8    Criteria for approval of a Related Party Transaction by the Board / Audit

Committee:

8.1            To review a Related  Party  Transaction, the Board  / Audit Committee will be provide  with    all   relevant   material   information   of   the   Related    Party Transaction, including the  terms  of the  transaction, the  business purpose of the  transaction, the  benefits  to the  Company and  to the  Related  Party,  and any other  relevant matters.

The information provided shall specifically cover the following:

  1. The name of the related party and nature of relationship;
  2. The  nature, duration of the   contract and   particulars of the   contract or arrangement;

iii.   The material terms of the contract or arrangement including the value, if any;

  1. iv. Any advance paid or received for the contract or arrangement, if any;
  2. v. the manner of determining the  pricing and  other  commercial terms,  both included as part  of contract and not considered as part  of the contract;
  3. v Whether all factors relevant to the contract have been considered, if not, the details of factors not considered with the rationale for not considering those factors;

vii. The persons/authority approving the transaction; and

viii. Any other information relevant or important for the Committee to take a decision on the proposed transaction.
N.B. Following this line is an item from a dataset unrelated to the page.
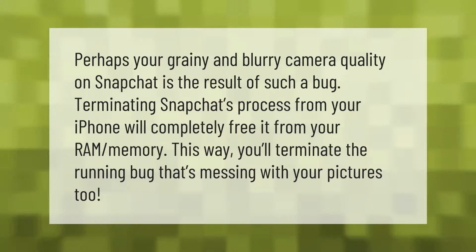Perhaps your grainy and blurry camera quality on Snapchat is the result of such a bug. Terminating Snapchat's process from your iPhone will completely free it from your RAM memory. This way you'll terminate the running bug that's messing with your pictures too.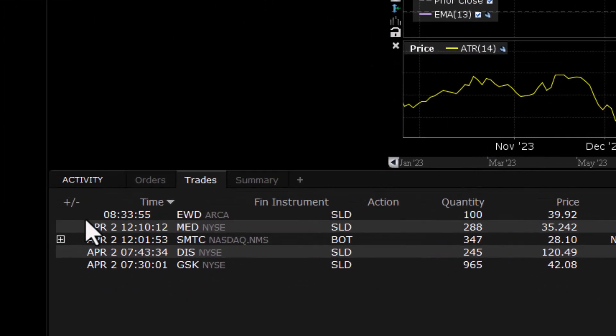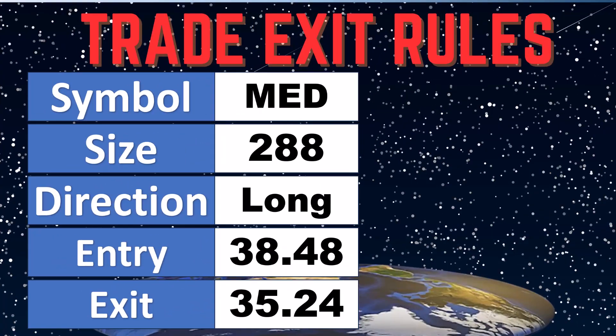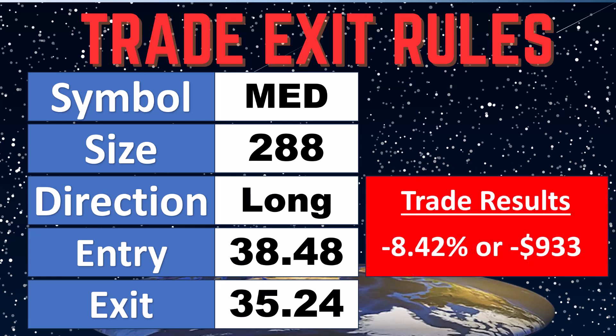How did we end up? We actually got stopped out yesterday at $35.24. So where did that put us on this trade? It was an overall loss. $38.48 was our entry, exit at $35.24 — about 8.5%, just shy of 8.5%, or $933. We will put this in the books and move on to our next trade.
8.2    In determining whether to approve a Related  Party  Transaction, the Board/ Audit Committee shall  consider the  following factors,  amongst others,   to  the  extant relevant to the Related  Party  Transaction:-

  1. Whether the  transaction is in the   ordinary course   of business of the company.
  2. Whether the terms  of the  Related  Party  Transaction are  fair  and  on  arm’s length   basis  to  the  Company and  would apply on  the  same  basis  if the transaction did not involve a Related  Party;

iii.   Whether there  are any undue compelling business reasons for the Company to  enter  into  the  Related  Party  Transaction and  the  nature of alternative transactions, if any;

iv. Whether the Related Party Transaction would affect the independence of the directors/KMP;

v. Whether the proposed transaction includes any  potential reputational risk issues  that  may  arise  as  a  result   of  or  in  connection with  the  proposed transaction;

vi. Where the  ratification of the  Related  Party  Transaction is allowed by  law and  is sought from  the  Committee, the  reason for  not  obtaining the  prior approval of  the  Committee  and   the  relevance  of  business urgency and whether subsequent ratification would be detrimental to the Company; and

vii. Whether the Related Party transaction would present an improper conflict  of interest for any  director or Key Managerial Personnel of the  Company, taking  into account the size of the transaction, the overall  financial position of  the  director,  Executive   Officer  or  other   Related   Party,   the  direct   or indirect  nature  of  the   director’s,  Key  Managerial  Personnel’s  or  other Related  Party’s  interest in  the  transaction and  the  ongoing nature of any proposed relationship and  any  other  factors  the  Board/Committee deems relevant.

9    Disclosures:

9.1       Every   Director  of  a  Company  who   is  in  any   way,   whether  directly  or indirectly, concerned or interested in a contract or arrangement or proposed contract or arrangement entered into or to be entered into—

(a)       With  a body  corporate in which  such  director or such  director in association with  any  other  director, holds  more  than  two  per  cent. shareholding of that body  corporate, or  is a promoter, manager, Chief  Executive  Officer  of that body  corporate; or

(b)       With  a firm  or  other  entity  in  which,  such  director is a partner, owner or member, as  the  case  may  be,  shall  disclose   the  nature of  his  concern   or interest at the meeting of the Board  in which  the contract or arrangement is discussed and shall not participate in such meeting:

Provided that where any director who is not so concerned or interested at the time of entering into such contract or arrangement, he shall, if he becomes concerned or interested after the contract or arrangement is entered into, disclose his concern or interest forthwith when he becomes concerned or interested or at the first meeting of the Board held after he becomes so concerned or interested.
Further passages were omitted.